In 1950 a norwegian; Mr Erling Strangebye, was visiting Bremen, Germany and found a small silver cup in an antique shop. The cup had: 'Leutnant Lent, Fornebu 9-4-1940 Sunderland' engraved on it.... the ME110 pilot's cup for the shootdown. He bought the cup and kept it for many years until 1972 when he saw a program on TV about the Sunderland shootdown, they interviewed Mr George who was visiting Norway, Mr Strangebye contacted Mr George, met up with him in Oslo and presented the cup to him!
cheers,

-Flightpath


----------



## Heinz (Nov 23, 2007)

wow some fantastic sights you have seen mate.
Thank you greatly for sharing them


----------



## ccheese (Nov 23, 2007)

Flightpath.. Thanks for sharing.... hope to hear more. 
Call me Charles


----------



## Flightpath (Nov 23, 2007)

Heinz said:


> wow some fantastic sights you have seen mate.
> Thank you greatly for sharing them



The Sunderland crew are resting in Sylling churchyard along with one of the crew of the Whitley.
Three of the Sunderland crew were aussies in the RAF so the churchyard and crash site are special places for me to visit.......... there's still many Sunderland parts there inc. an airleron stuck in the ground right next to the main road to indicate the way up to the crash site........ how long would that last in Australia or the US?
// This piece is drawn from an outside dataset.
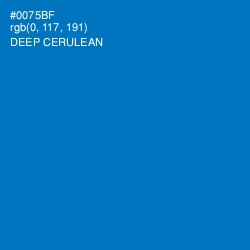 #0075BF - Deep Cerulean Color Image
There's a few more aussies resting in Norway along the west coast, most from 455 squadron.


cheers,

-Flightpath


----------



## Micdrow (Nov 23, 2007)

Very cool Flightpath along with some very interesting stories. Something you will not forget anytime soon.


----------



## Heinz (Nov 23, 2007)

Lovely shots mate. Good to see the fallen can rest out their days in a peaceful looking place.


----------



## ccheese (Nov 23, 2007)

Thanks for the 'heads up', flightpath. Great shots and something we can all
equate to. I honestly believe that most of the members of this forum have,
in some way, been touched by WW-II. Grand-fathers or Uncles who
participated in the war, who have left mementos, which have been 
passed on to present generations. 

As my Aussie friends would say, "Good on you, Mate".... and thanks....

Charles


----------



## Flightpath (Nov 24, 2007)

Here are a few mor photos of the Sunderland crash site....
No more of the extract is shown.